* [Problem statement]
A faithful copy is required. Print each line of the data exactly and omit the pictures.

* [Supplied data]
-----

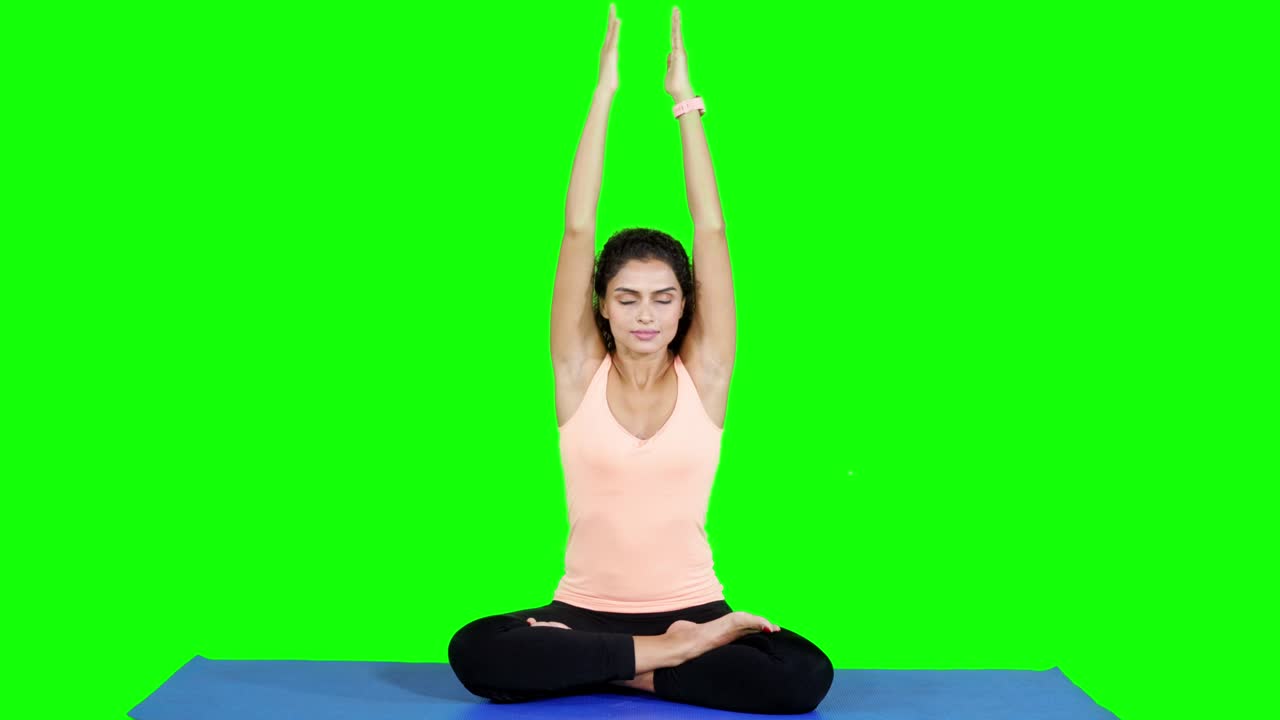 Attractive young woman doing yoga and meditating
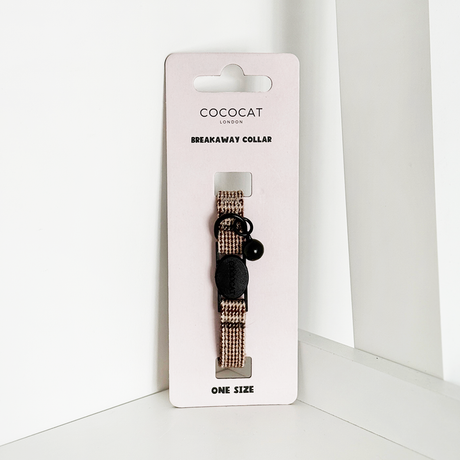 Cococat cat collar on a white card with a white background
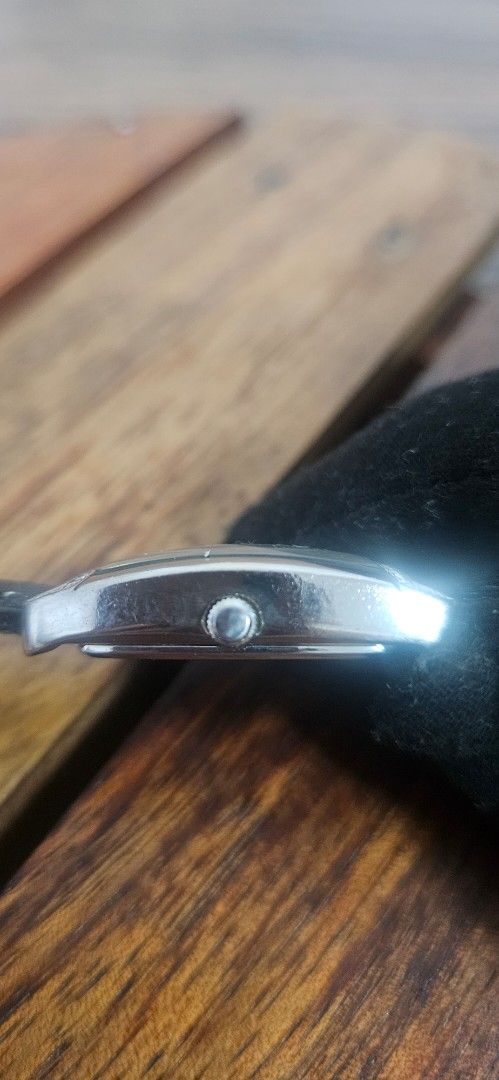 Caravelle by Bulova Watch (Category: Women's Watches) located in Santa Maria. Submitted by rommelmateo (Listing ID 1468861758, Image 2). Description: - Brand: Caravelle by Bulova - Dial: Silver with large numbers at 12, 3, 6, and 9 - Bezel: Rhinestone-encrusted top and bottom - Case: Curved rectangular stainless steel (standard light scuffs on the back from normal wear) - Strap: Textured black leather - Condition: Keeps time very well.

-----

* [Solved exercise]
 Attractive young woman doing yoga and meditating
 Cococat cat collar on a white card with a white background
 Caravelle by Bulova Watch (Category: Women's Watches) located in Santa Maria. Submitted by rommelmateo (Listing ID 1468861758, Image 2). Description: - Brand: Caravelle by Bulova - Dial: Silver with large numbers at 12, 3, 6, and 9 - Bezel: Rhinestone-encrusted top and bottom - Case: Curved rectangular stainless steel (standard light scuffs on the back from normal wear) - Strap: Textured black leather - Condition: Keeps time very well.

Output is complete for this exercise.